Right to work still a ripoff

Both houses of the Michigan Legislature just pushed through legislation that will make Michigan a “right to work” state once Governor Rick Snyder signs the bill into law later this week as promised. This follows on the heels of similar efforts across the country in the last year that largely failed but were at least partially successful in Indiana and Wisconsin.

Right to work initiatives are Orwellian in that they purport to promote employee freedom while effectively restricting employee freedom of association and, ultimately, freedom of expression in the workplace as those laws limit the resources available to unions. Empirical and anecdotal evidence regarding the impact of right to work initiatives across the country, which we recently analyzed, confirms that such laws are bad for employees, bad for the workplace, and bad for business. The data show that right to work laws undermine workplace safety, employment opportunity, and workplace democracy by inducing a proverbial race to the bottom in which only a privileged few are winners.

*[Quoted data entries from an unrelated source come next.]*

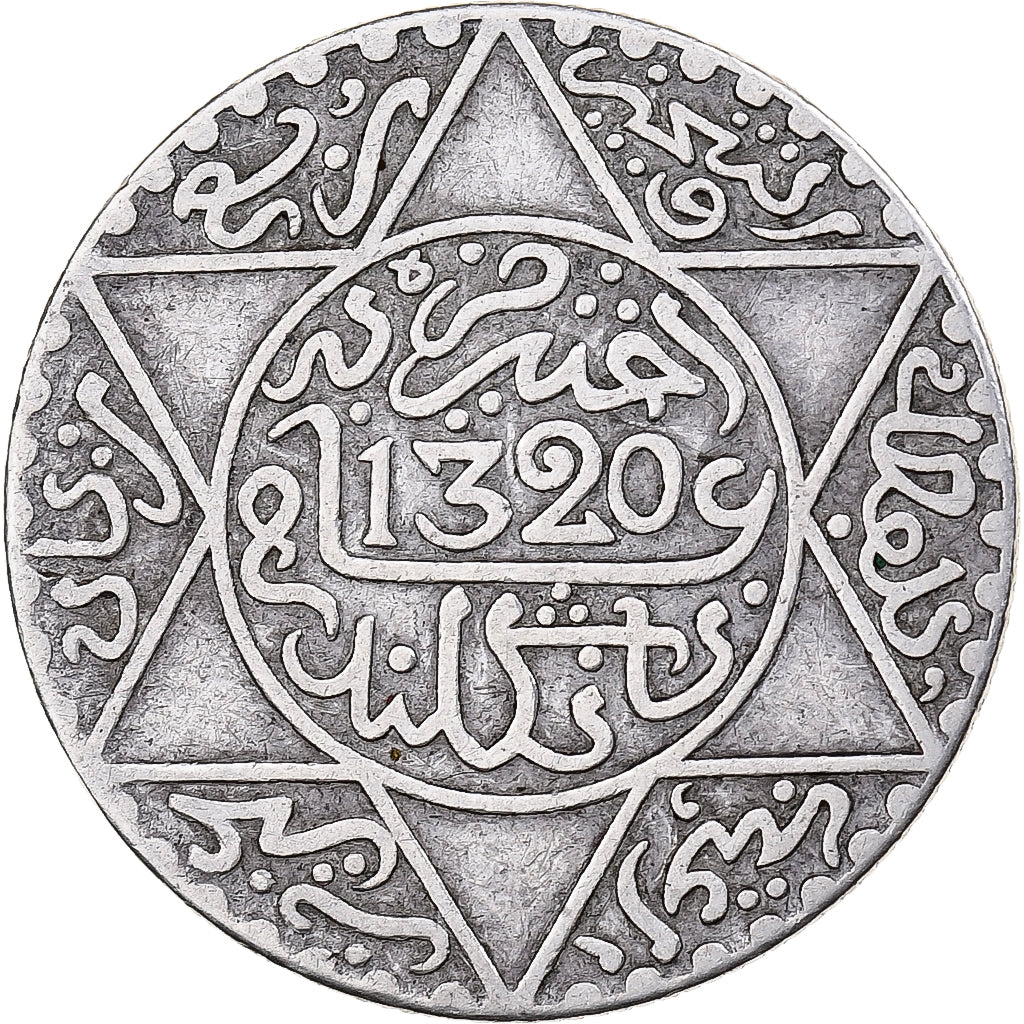 Morocco, 'Abd al-Aziz, 1/4 Rial, 2-1/2 Dirhams, 1902, London, EF(40-45), Silver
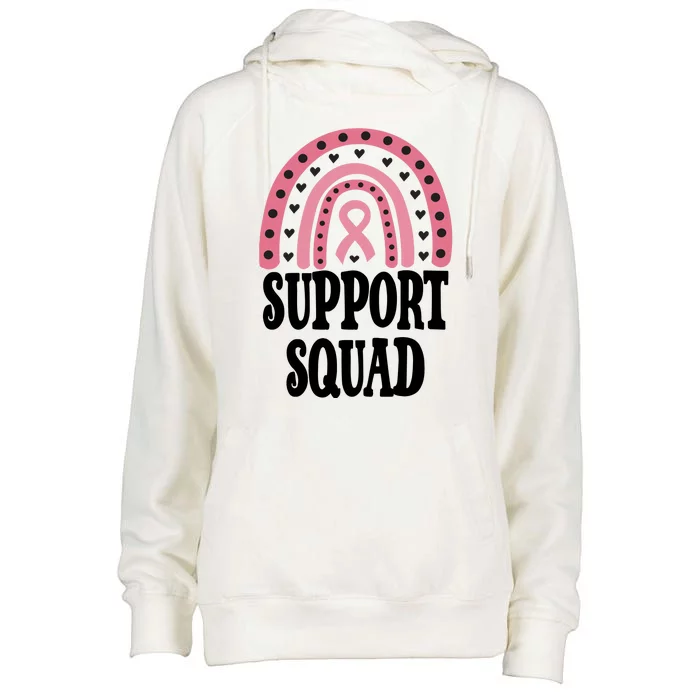 Breast Cancer Support Squad Rainbow Ribbon Womens Funnel Neck Pullover Hood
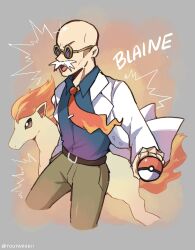 Rule 34 | 1boy, belt, blaine (pokemon), blue shirt, brown eyes, brown pants, character name, collared shirt, commentary, creatures (company), cropped legs, english commentary, facial hair, fire, formal, game freak, gen 1 pokemon, glint, grey background, highres, holding, holding poke ball, horse, male focus, mustache, necktie, nintendo, old, old man, open mouth, orange background, pants, poke ball, poke ball (basic), pokemon, pokemon (creature), pokemon lgpe, ponyta, purple-tinted eyewear, red necktie, round eyewear, shirt, suit, tail, tinted eyewear, touyarokii, two-tone background, v-shaped eyebrows, white hair, white suit, yellow-framed eyewear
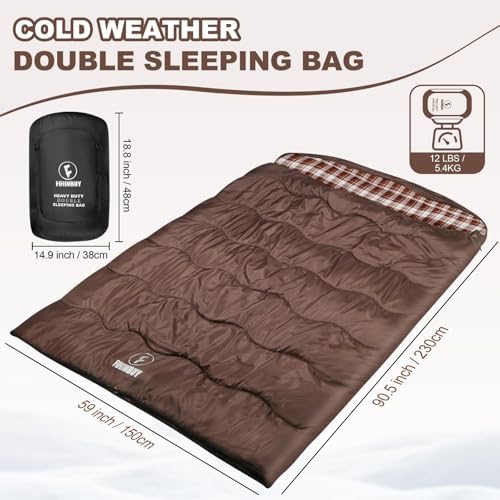 0 Degree Cotton Flannel Double Sleeping Bag for Adults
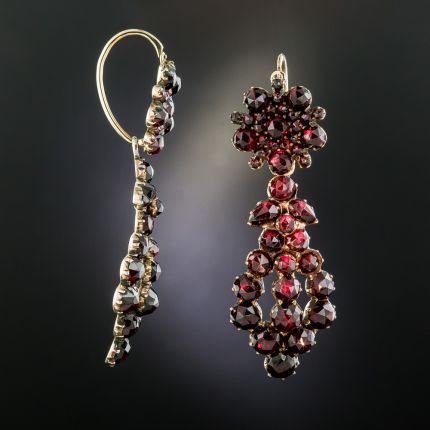 Victorian Bohemian Garnet Earrings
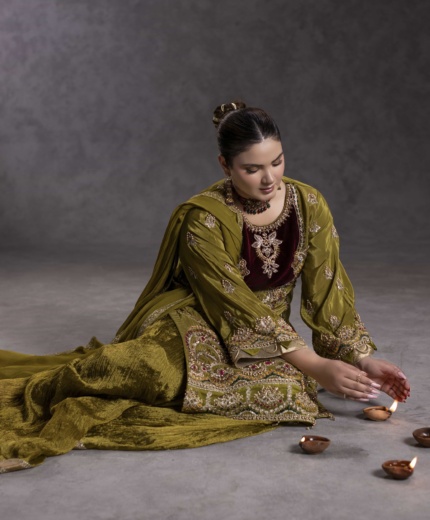 Tehzeeb luxury olive green embroidered Pakistani dress for women by Hurr e Noor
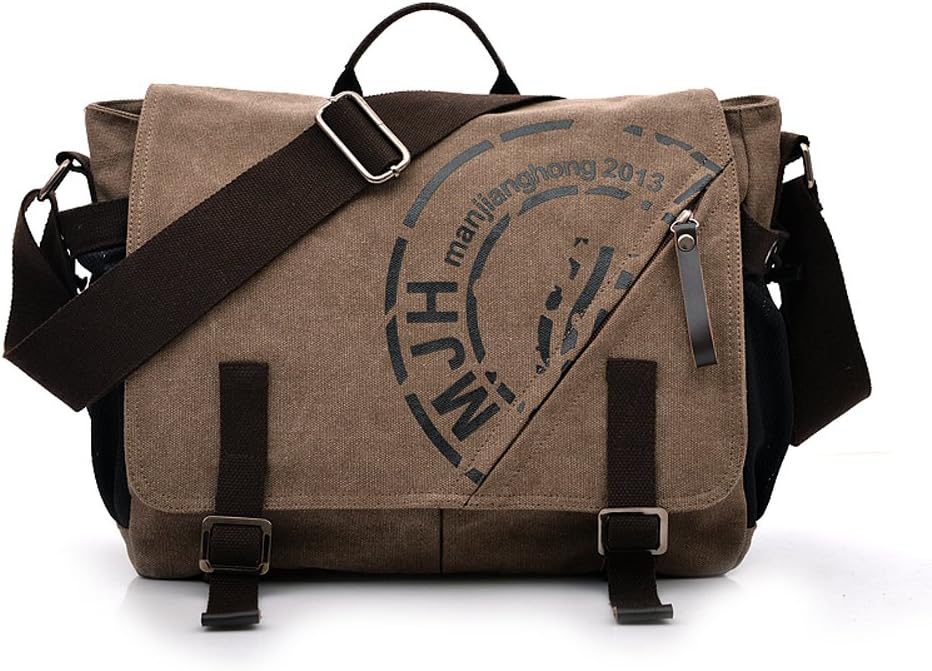 Vintage Canvas Shoulder Bag Teenager School Students Messenger Bag Laptop Crossbody Bags Satchel Handbags, Coffee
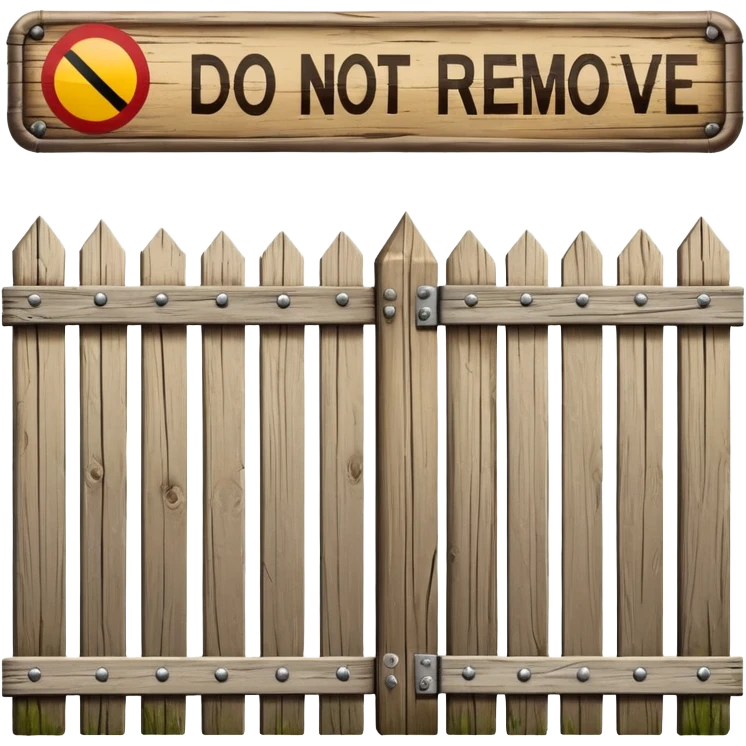 A fence with a "Do Not Remove Until Understood" sign, representing Chesterton's Fence emoji
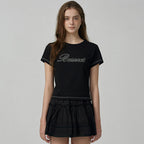 THE BARNNET Diana Chain Stitch Logo T-Shirt_Black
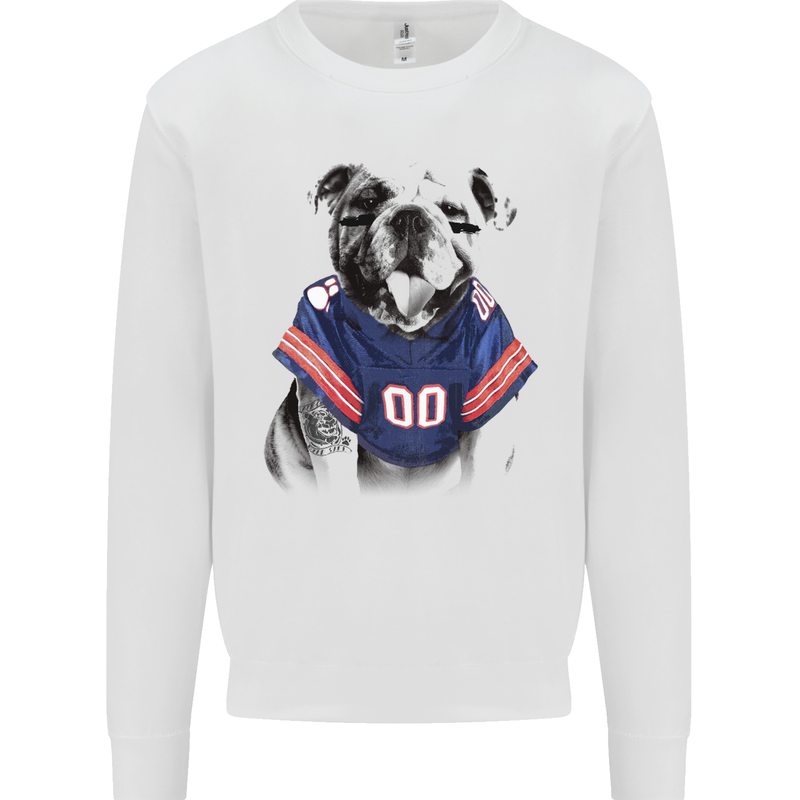 American Football Bulldog With Tattoos Mens Sweatshirt Jumper White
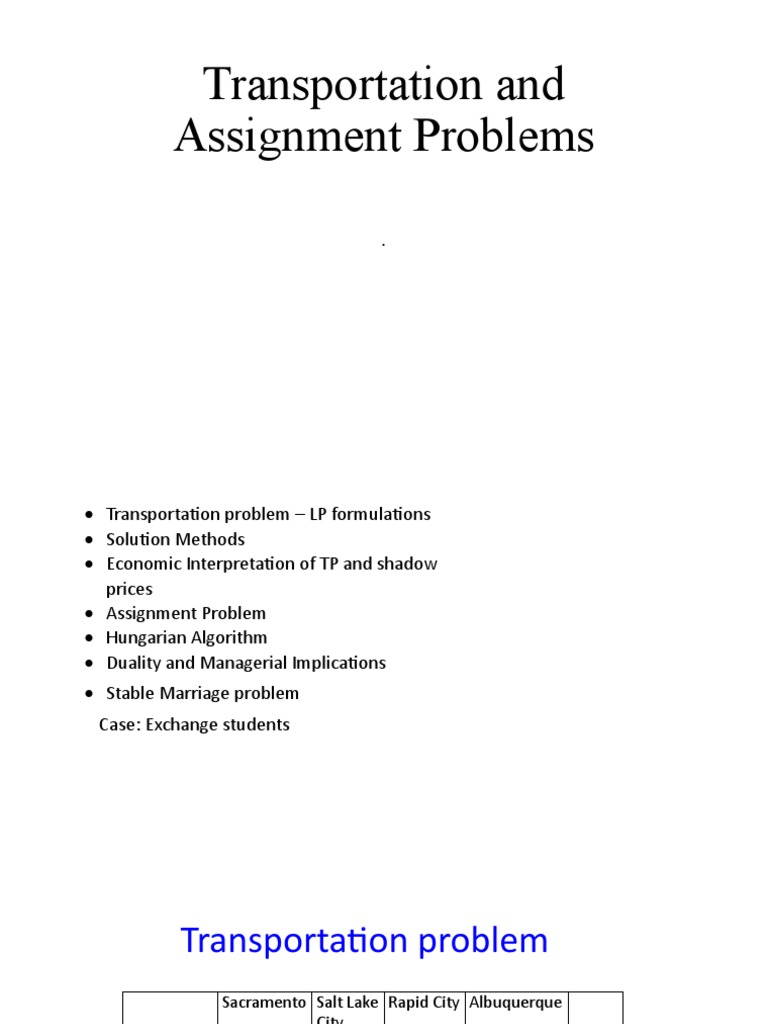transportation and assignment problems mcq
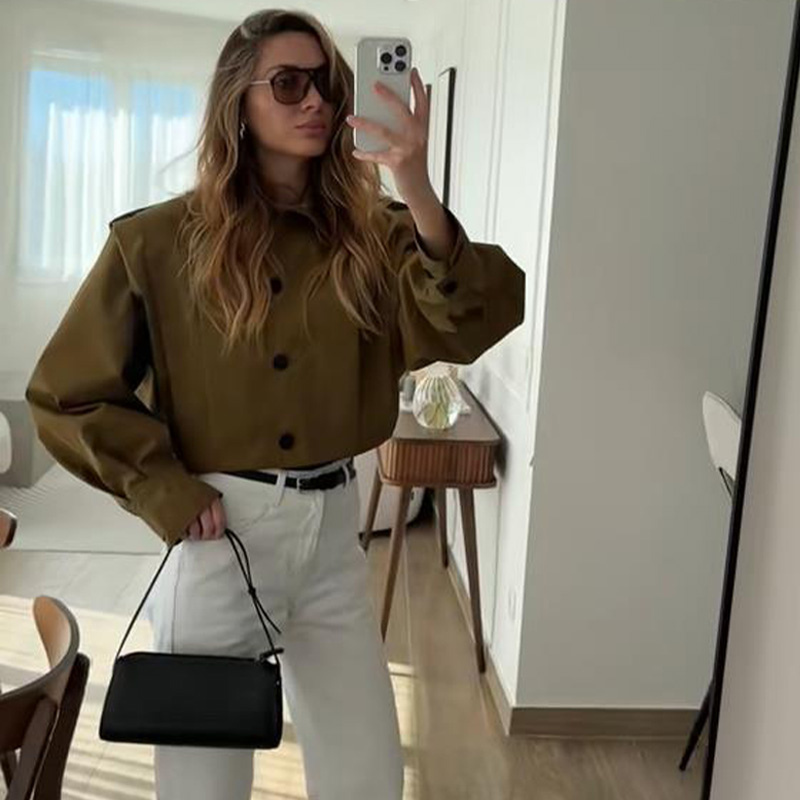 Veste automne femme oversize courte confortable - Mona
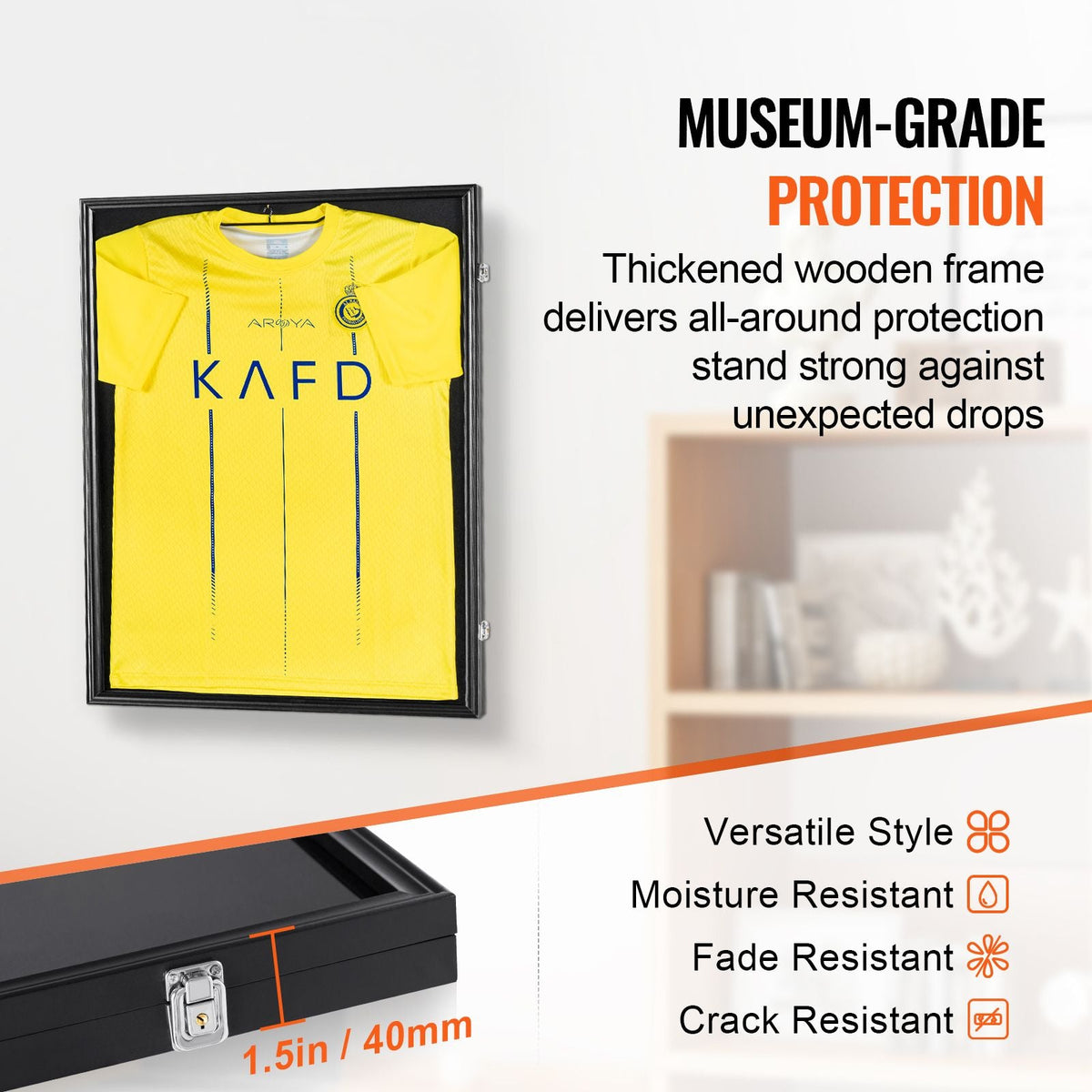 2PCs Jersey Display Frame Case, 23.3x31.2x1.5 in, Large Lockable Sport Jersey Shadow Box with 98% UV Protection PC Glass and Hangers, for Baseball Basketball Football Hockey Shirt and Uniform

It is important to grasp the full context of this nationally coordinated effort to attack the very existence of unions as voices for employees in the workplace and for underrepresented constituencies in the larger society. The assault on unions, especially public employees who are unionized, is occurring at the same time as the attack on all things public: public education, public services, public representation, public space, and the overarching public interest. This is not coincidental. Powerful and well funded corporate interests, through the American Legislative Exchange Council (“ALEC”) and similar “charitable” organizations, are pursuing a policy agenda that aims to privatize and otherwise prioritize profits over people. As one of the few institutions that historically have put the public interest over private interest, unions stand in the way of that agenda. For many reasons, then, right to work is a ripoff.